The script prints the same plan + per-check duration estimates upfront before running, so the user can confirm they're happy to wait or background it. Tell the user to leave the terminal open — each check streams output as it runs (make test prints per-file dots; make lint prints >>>>>>>> <hook name> headers).
Show the user the per-check pass/fail/skip summary at the end. Any FAILs feed into Step 4's targeted fix loop — re-run run_local_checks.sh only as the final belt-and-suspenders check once all targeted recipes pass.
Track C skips 5a entirely — per-check verification already happened in Step 4 for the specific failing checks; running the full sweep would be redundant and slow.
5b. Commit + push Tracks: L (optional), C
On user confirmation:
git add only the touched files.
git commit with a message you propose (or the user provides). Use -s for DCO sign-off.
git push (or git push --force-with-lease for the DCO rebase case — warn explicitly).
On Track L, commit + push is optional: the user may just want a clean local working tree before continuing to iterate. Always confirm intent.

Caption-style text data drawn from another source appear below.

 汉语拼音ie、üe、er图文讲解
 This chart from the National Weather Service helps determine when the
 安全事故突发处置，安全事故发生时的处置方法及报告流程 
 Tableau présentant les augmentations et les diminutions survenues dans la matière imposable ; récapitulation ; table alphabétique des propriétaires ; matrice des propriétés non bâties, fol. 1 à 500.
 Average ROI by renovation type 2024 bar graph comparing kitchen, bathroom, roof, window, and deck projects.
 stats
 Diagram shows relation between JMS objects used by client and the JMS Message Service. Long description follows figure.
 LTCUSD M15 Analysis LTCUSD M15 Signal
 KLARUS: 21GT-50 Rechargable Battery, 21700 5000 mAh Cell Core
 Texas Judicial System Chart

After push on Track C, do not block waiting for CI. If the user wants to see the new CI state, they can re-run bash scripts/watch_ci.sh [--pr <num>] later for a fresh snapshot — keep the --pr flag if a PR was supplied in Step 1.
Out of scope
- Watching CI to completion (blocking) —
watch_ci.sh is snapshot-only by design. The skill surfaces current state and exits; the user re-runs it later if they want a refreshed view. This avoids long blocking sessions where the agent is idle waiting on CI.

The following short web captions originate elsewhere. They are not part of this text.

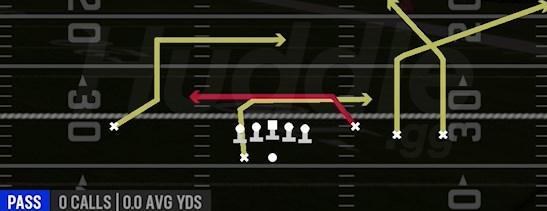 Y-DRAG - Gun Trey Open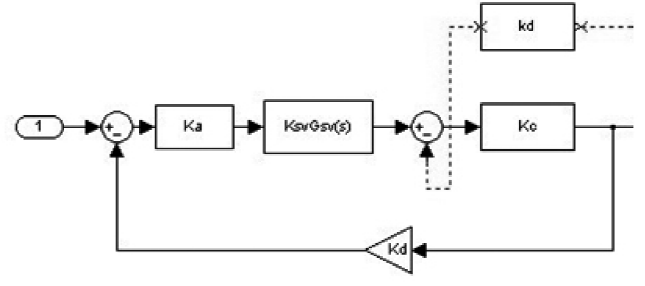 Projekt układu hydraulicznego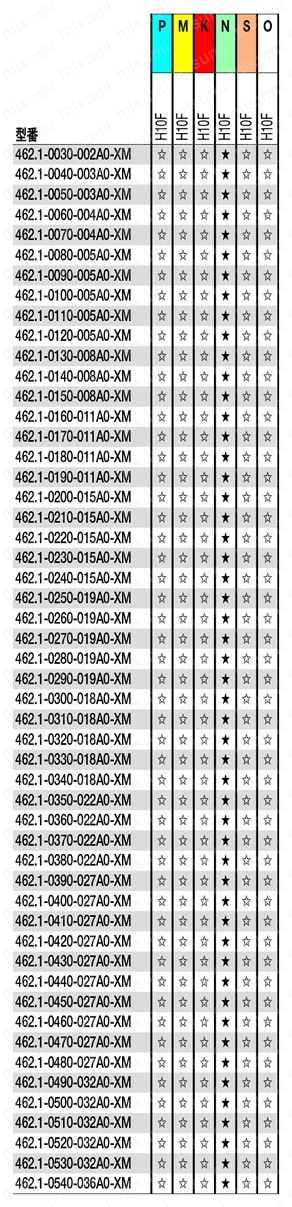 CoroDrill（R） 462-XM 小径ソリッドドリル 適用被削材-1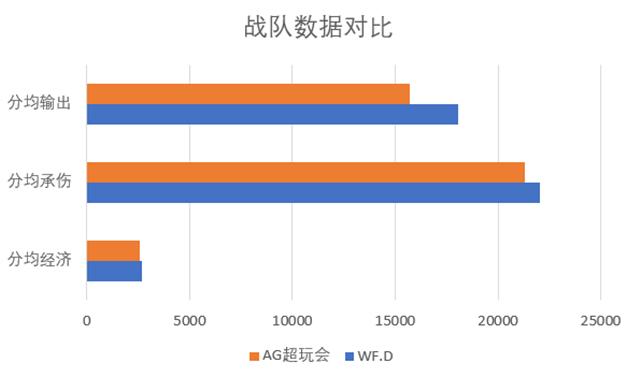 WF.DvsAG超玩会看点：触底皆想反弹，Evildoer与梦泪全力一战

- Running e2e tests locally — slow, requires packaging the wheel, and rarely needed during the babysit loop. If
e2e-tests is the failing check, the skill surfaces the CI logs and stops — no local reproduction.

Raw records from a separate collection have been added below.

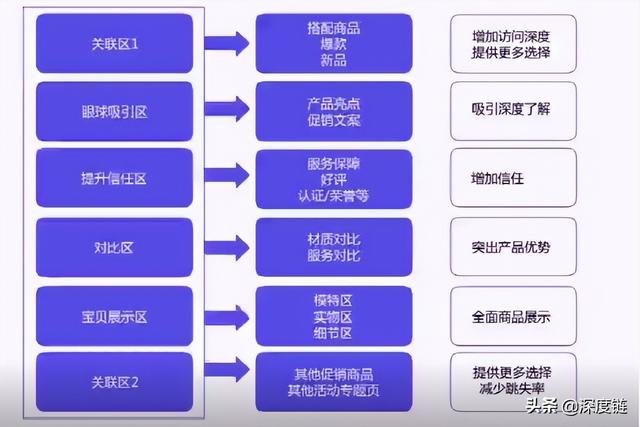 阿里巴巴该如何进行营销宝推广？营销宝自主推广四部曲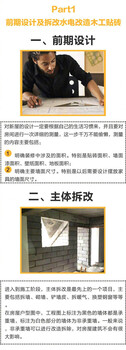 房子裝修流程！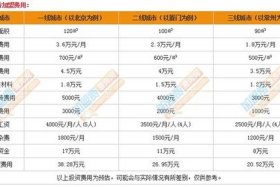 加盟开店要多少钱（一般开店加盟费是多少）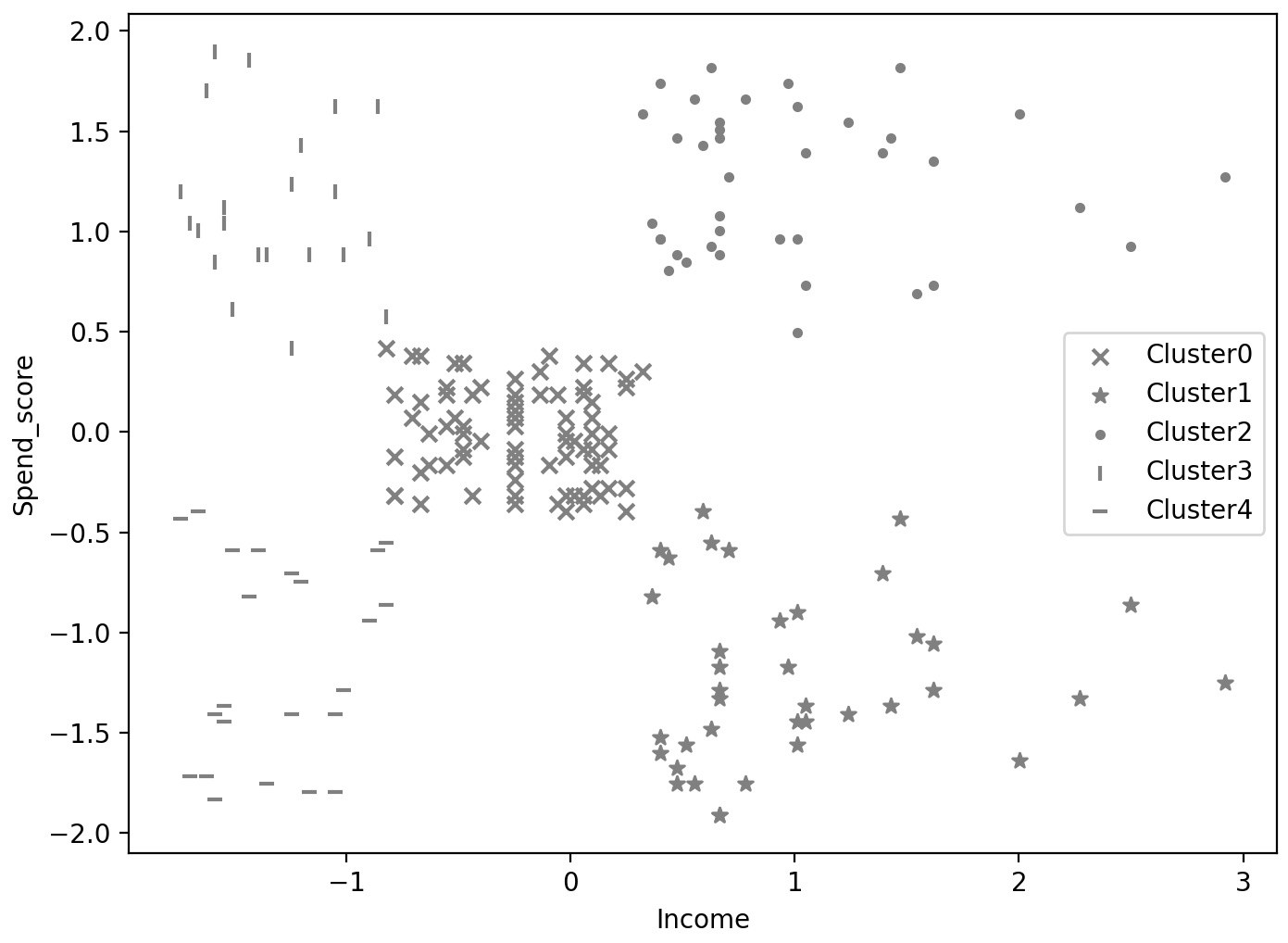 Figure 4.12: Clusters from mean-shift with bandwidth at 0.9
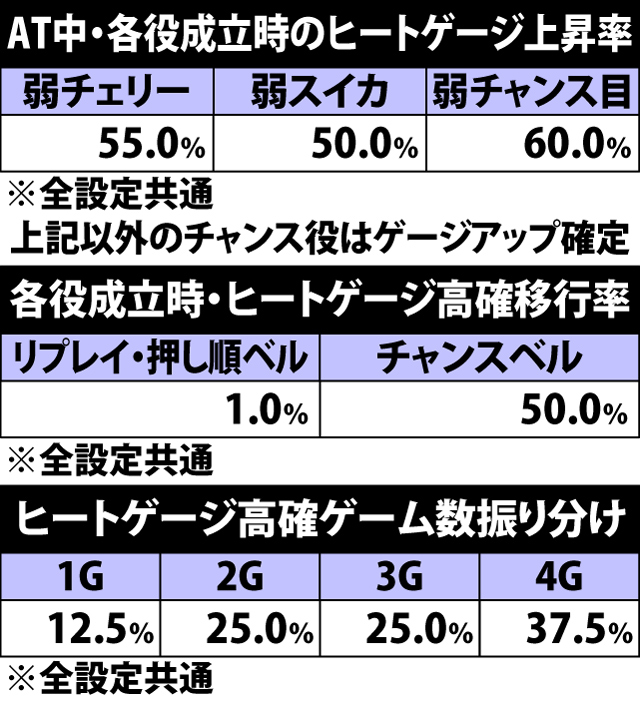 5.3.1 各役成立時・ヒートゲージ上昇率&ヒートゲージ高確移行率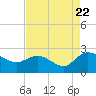 Bucksport tide chart for Monday, August 22, 2022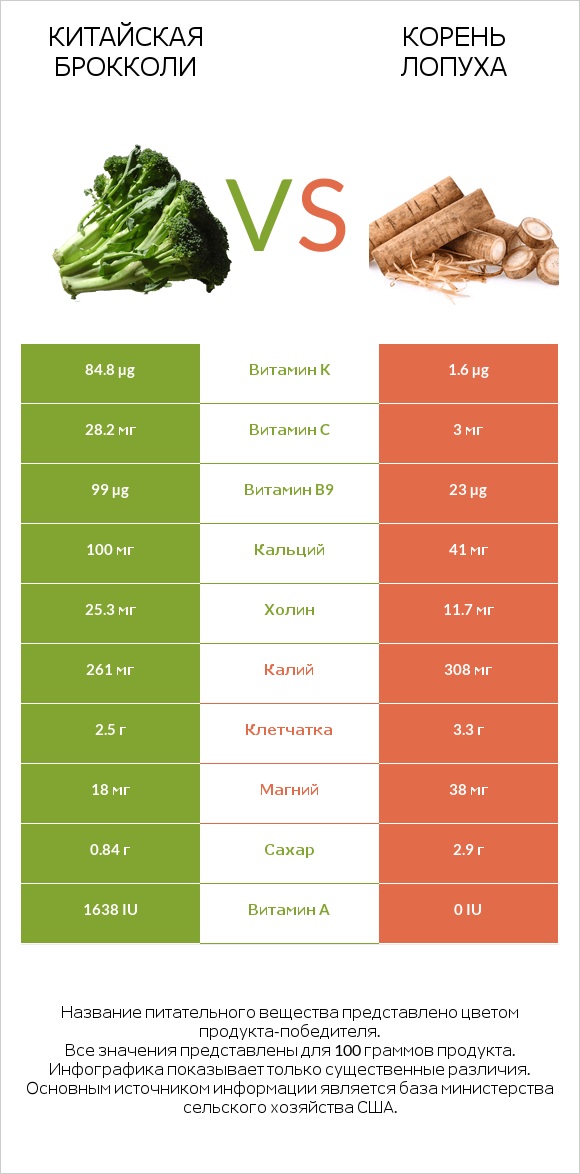 Китайский брокколи vs Burdock root infographic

- Comments triage — PR review comments, reviewer asks, and bot-generated review feedback (such as Bugbot, the Cursor-style review bot that posts inline comments). The author handles reviewer feedback directly.
- Judgment-based code review — defers to
review-kedro-pr.
RELEASE.md compliance — adding or editing RELEASE.md entries is a reviewer convention, not a CI check (gh pr checks does not surface it). Defers to review-kedro-pr, which flags missing entries as Critical.
- Security review — defers to a future
kedro-security-review skill.
- Authoring features / large refactors — out of scope; this skill only applies the smallest scoped fix to make a check pass.
- Performance regressions —
pipeline-performance-test (label-triggered on PRs with the performance label) reports timing, not pass/fail. The skill surfaces the timing delta and asks the user to investigate manually.
- Installing system tools — the skill prints install hints for
vale, lychee, gh but never invokes brew/apt/cargo on the user's behalf.